# Sound über HDMI und Klinke Gleichzeitig



## -Loki- (3. November 2012)

*Sound über HDMI und Klinke Gleichzeitig*

Hallo Leute,
ich hoffe das ihr mir helfen könnt.
Ich habe zusätzlich zu meinen Monitor mein Ferseher an den PC angeschlossen. Jetzt kann ich aber den Sound nur entweder über meine Boxen (Klinke) oder über den Ferseher (HDMI) laufen lassen. Ich würde aber gerne den Sound über beides ausgeben lassen. Bis jetzt habe ich nur die möglichkeit gefunden das über den Realtek Stereomixer zu relisieren. Dadurch entsteht aber eine sehr unschöne asynchronität zwichen Boxen und Fehrnseher von ein paar ms.
Habt ihr eine Idee wie ich den Ton synchron über Boxen und Fehrnseher hinbekomme?


----------



## -Loki- (7. November 2012)

*AW: Sound über HDMI und Klinke Gleichzeitig*

Knapp 150 hits und keiner hat eine Idee?


----------



## Herbboy (7. November 2012)

*AW: Sound über HDMI und Klinke Gleichzeitig*

Das wird nicht gehen. Du könntest höchstens beim Fernseher schauen, ob Du beim Ton einen Ausgleich einstellen kannst.

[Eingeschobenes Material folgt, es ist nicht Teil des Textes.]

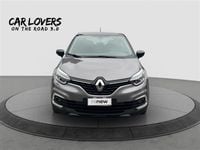 Usata Renault Captur 131 CV (96 kW) 2019 Grigio scuro SUV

Wozu brauchst Du das aber denn überhaupt?


----------



## soth (7. November 2012)

*AW: Sound über HDMI und Klinke Gleichzeitig*

Da wird der Treiber wahrscheinlich irgendeinen Unfug anstellen.

Probier es mal mit Virtual Audio Cable - Download - CHIP Online


----------



## Olstyle (7. November 2012)

soth schrieb:
			
		

> Probier es mal mit Virtual Audio Cable - Download - CHIP Online



Das hat den kleinen Nachteil dass es 50€ kostet. Nach allem was ich mal in die Richtung recherchiert hatte gibt es aber keine Alternative wenn man mehrere Soundkarten gleichzeitig nutzen will.

Für den ganz konkreten Fall hier würde ich erst mal nach einem Audio Out am Fernseher suchen.


----------



## soth (8. November 2012)

*AW: Sound über HDMI und Klinke Gleichzeitig*

Die Shareware Version beinhaltet aber den Audio Repeater, was für diesen Zweck ausreichen würde. Das eigentliche VirtualCable wird gar nicht benötigt.
Ich habe bis jetzt auch nur einige Male mit der Software gespielt, konnte aber in dieser Hinsicht keine Einschränkungen feststellen...


----------